*** Material for the task Section Begins ***
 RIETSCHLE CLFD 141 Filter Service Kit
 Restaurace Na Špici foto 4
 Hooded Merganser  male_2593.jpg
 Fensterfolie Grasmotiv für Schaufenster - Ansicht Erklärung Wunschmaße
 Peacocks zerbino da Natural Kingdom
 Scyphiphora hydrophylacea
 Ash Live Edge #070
*** Material for the task Section Ends ***
*** Material for the task Section Begins ***
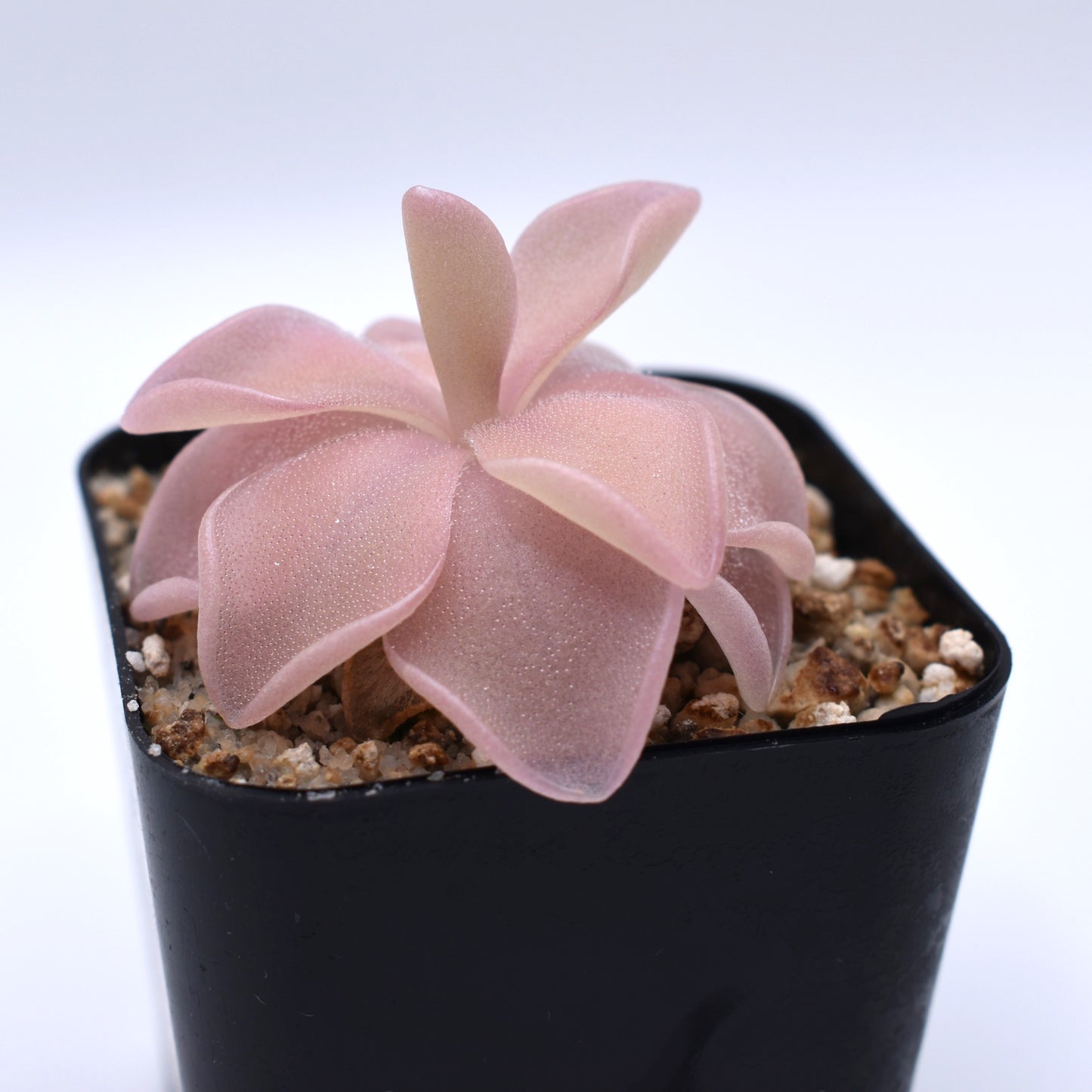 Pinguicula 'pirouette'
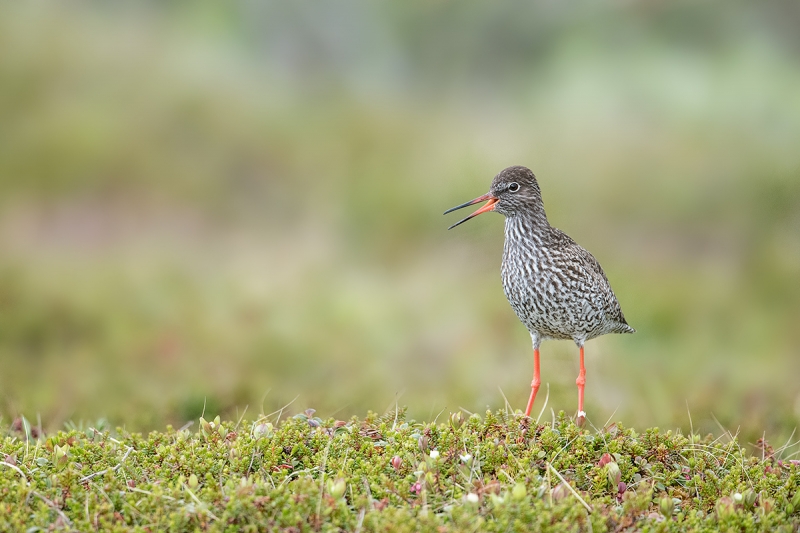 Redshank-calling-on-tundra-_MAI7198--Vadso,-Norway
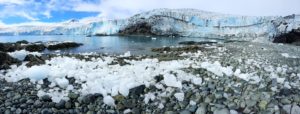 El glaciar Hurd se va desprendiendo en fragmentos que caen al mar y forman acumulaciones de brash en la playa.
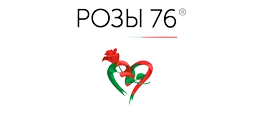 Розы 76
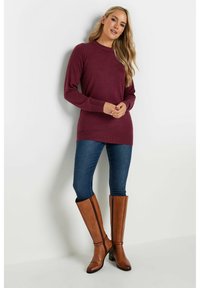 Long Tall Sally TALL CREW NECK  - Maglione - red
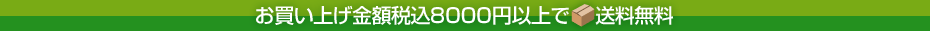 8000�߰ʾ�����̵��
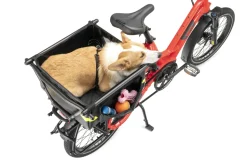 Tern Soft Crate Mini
*** Material for the task Section Ends ***
*** Material for the task Section Begins ***
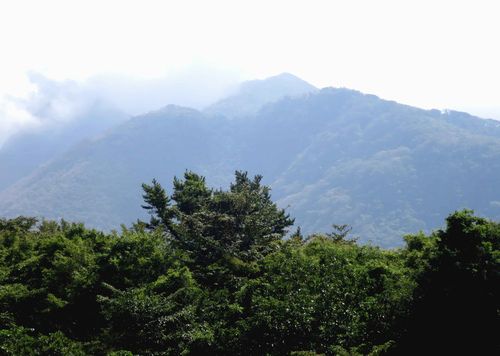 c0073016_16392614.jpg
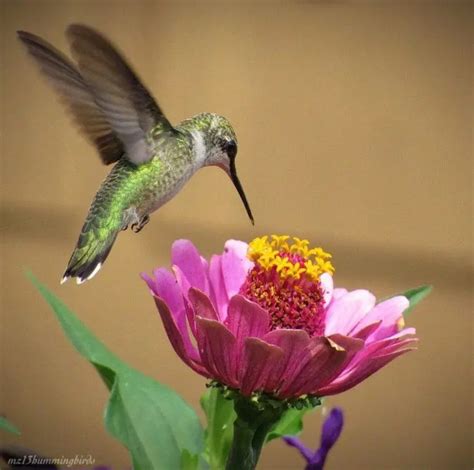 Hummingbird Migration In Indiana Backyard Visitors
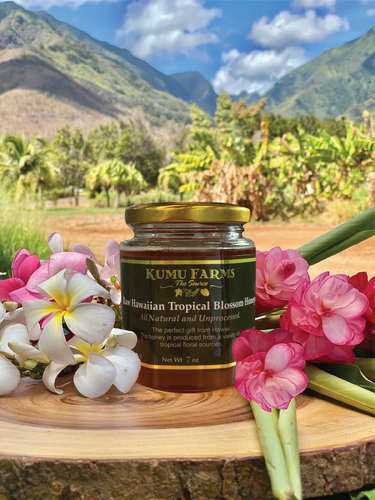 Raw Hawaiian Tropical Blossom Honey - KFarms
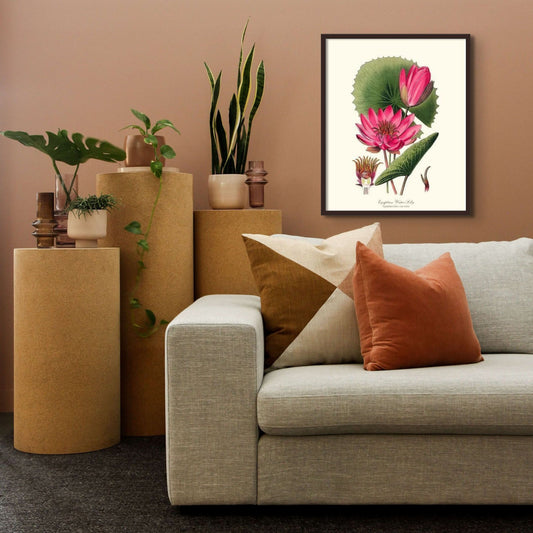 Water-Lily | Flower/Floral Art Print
*** Material for the task Section Ends ***
- _Task objective_: The data above holds the lines to copy: start at the one with "Raw Hawaiian Tropical Blossom Honey - KFarms", stop at the one with "Water-Lily | Flower/Floral Art Print", include both, copy them exactly without pictures, and copy nothing else.

- _Response_:
 Raw Hawaiian Tropical Blossom Honey - KFarms
 Water-Lily | Flower/Floral Art Print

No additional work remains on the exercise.